### Supplied data
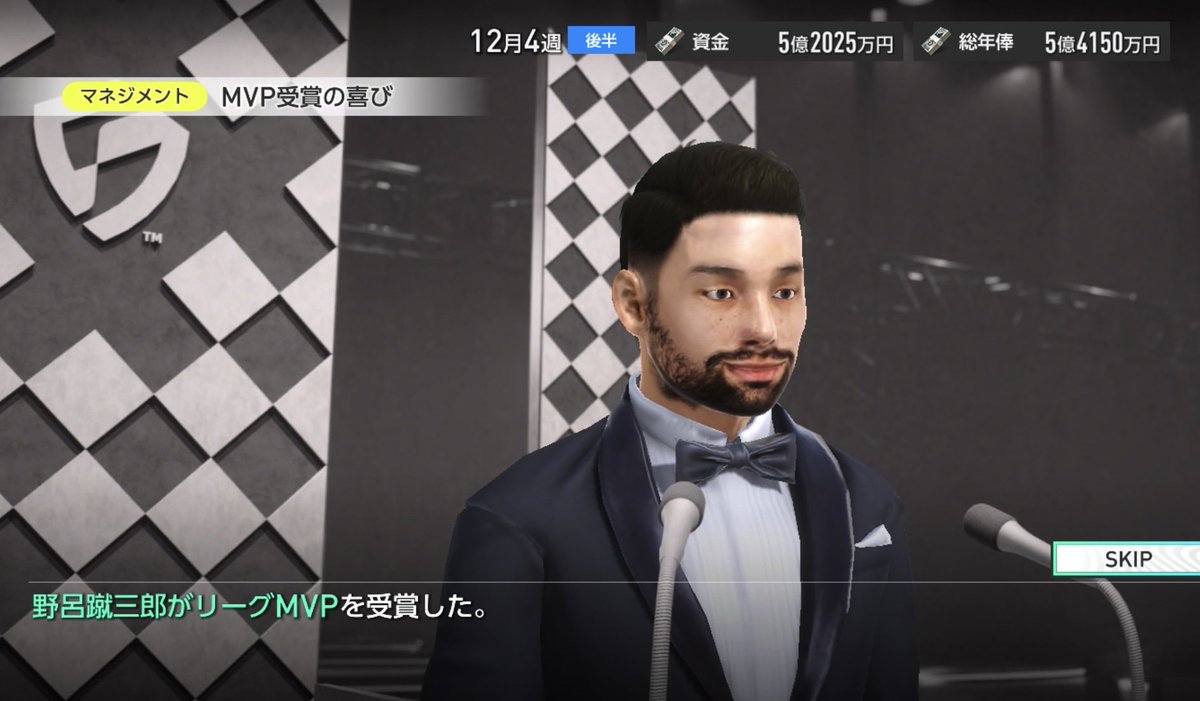 FCフィガロ@サカつく2026 (@hisyoninaisyo) / Posts / X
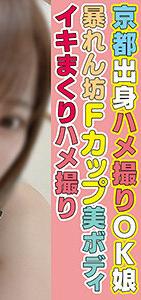 HLAN-024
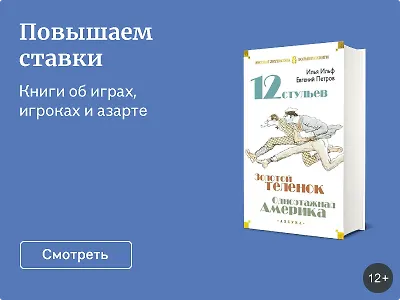 Повышаем ставки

### Task
An exact copy of the listing is required, with every image removed.

### Answer to this task
 FCフィガロ@サカつく2026 (@hisyoninaisyo) / Posts / X
 HLAN-024
 Повышаем ставки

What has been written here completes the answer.